**TASK TO COMPLETE**
Of the material below, only the lines from the line containing "What we would" down to the line containing "So once again, all" belong in the answer, written out exactly.

**PROVIDED MATERIAL**
┌────────
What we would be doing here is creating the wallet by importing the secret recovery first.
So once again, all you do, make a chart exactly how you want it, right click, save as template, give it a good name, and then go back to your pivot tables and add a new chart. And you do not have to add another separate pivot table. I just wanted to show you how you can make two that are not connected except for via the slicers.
└────────
┌────────
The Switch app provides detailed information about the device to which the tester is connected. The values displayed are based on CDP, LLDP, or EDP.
└────────
**EXERCISE ANSWER**
What we would be doing here is creating the wallet by importing the secret recovery first.
So once again, all you do, make a chart exactly how you want it, right click, save as template, give it a good name, and then go back to your pivot tables and add a new chart. And you do not have to add another separate pivot table. I just wanted to show you how you can make two that are not connected except for via the slicers.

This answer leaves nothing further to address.